The data:
-*-

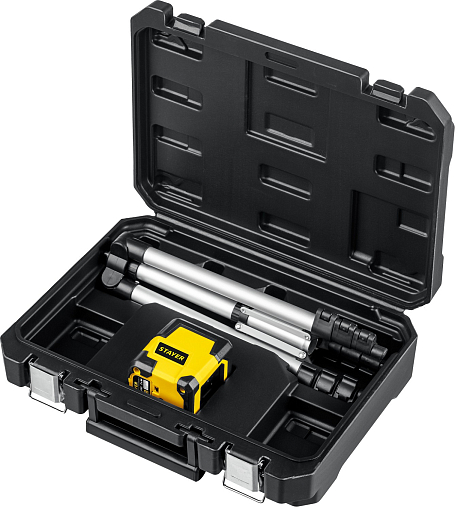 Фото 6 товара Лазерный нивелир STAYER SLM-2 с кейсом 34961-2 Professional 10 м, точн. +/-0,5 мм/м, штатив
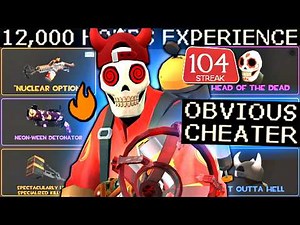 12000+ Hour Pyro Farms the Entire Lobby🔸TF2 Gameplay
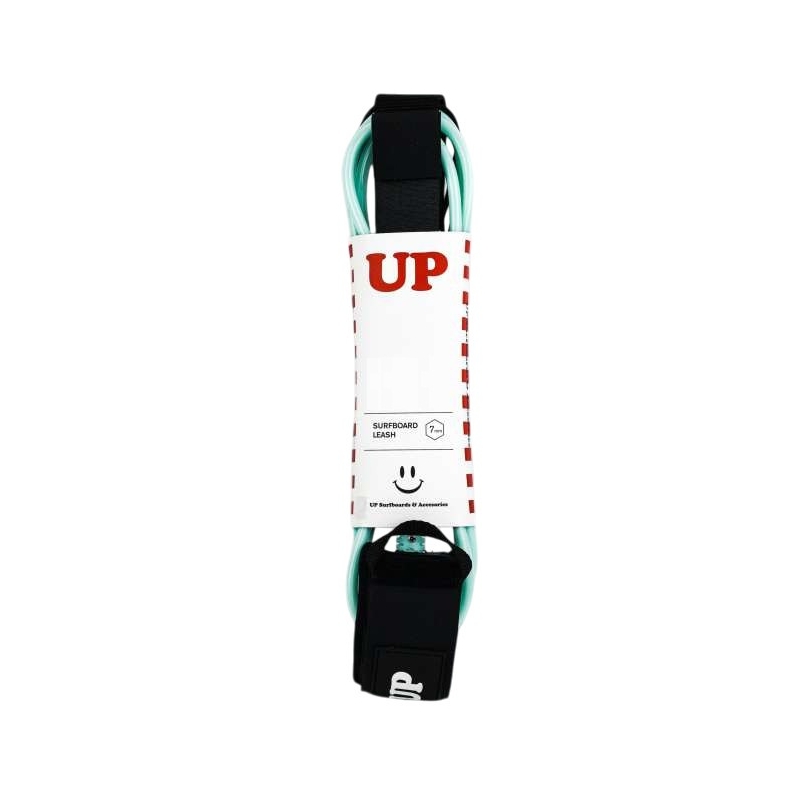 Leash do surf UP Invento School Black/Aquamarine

-*-

Try it:
The data needs to be reproduced exactly, please, apart from its pictures.

Answer for the task:
 Фото 6 товара Лазерный нивелир STAYER SLM-2 с кейсом 34961-2 Professional 10 м, точн. +/-0,5 мм/м, штатив
 12000+ Hour Pyro Farms the Entire Lobby🔸TF2 Gameplay
 Leash do surf UP Invento School Black/Aquamarine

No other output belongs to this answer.